I am trying to use SMOTE in python and looking if there is any way to manually specify the number of minority samples.
Suppose we have 100 records of one class and 10 records of another class if we use ratio = 1 we get 100:100, if we use ratio 1/2, we get 100:200. But I am looking if there is any way to manually specify the number of instances to be generated for both the classes.
Ndf_class_0_records = trainData[trainData['DIED'] == 0]
Ndf_class_1_records = trainData[trainData['DIED'] == 1]
Ndf_class_0_record_counts = Ndf_class_0_records.DIED.value_counts()
Ndf_class_1_record_counts = Ndf_class_1_records.DIED.value_counts()

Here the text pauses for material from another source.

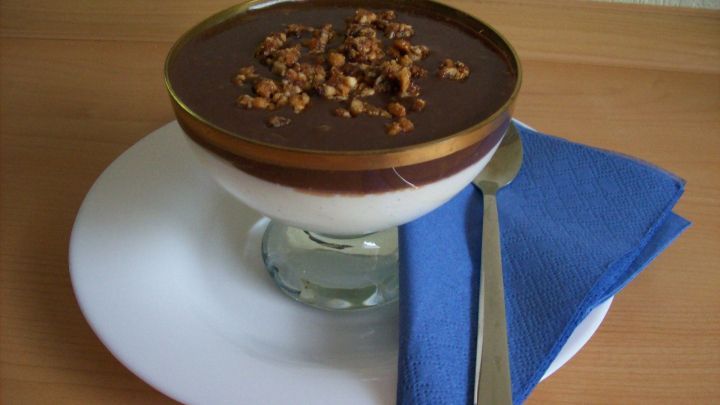 Ein Dessertglas mit einer Schicht Frischk&auml;se-Creme, bedeckt mit Schokolade und gehackten N&uuml;ssen, steht auf einem Teller.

X_smote = trainData.drop("DIED", axis=1)
y_smote = trainData["DIED"]
smt = SMOTE(ratio={0:Ndf_class_0_record_counts, 1:Ndf_class_1_record_counts*2})
X_smote_res, y_smote_res = smt.fit_sample(X_smote, y_smote)
In the above code, I am trying to manually specify the number for each of the classes, but I am getting the following error at the last line of code
ValueError: The truth value of a Series is ambiguous. Use a.empty, a.bool(), a.item(), a.any() or a.all().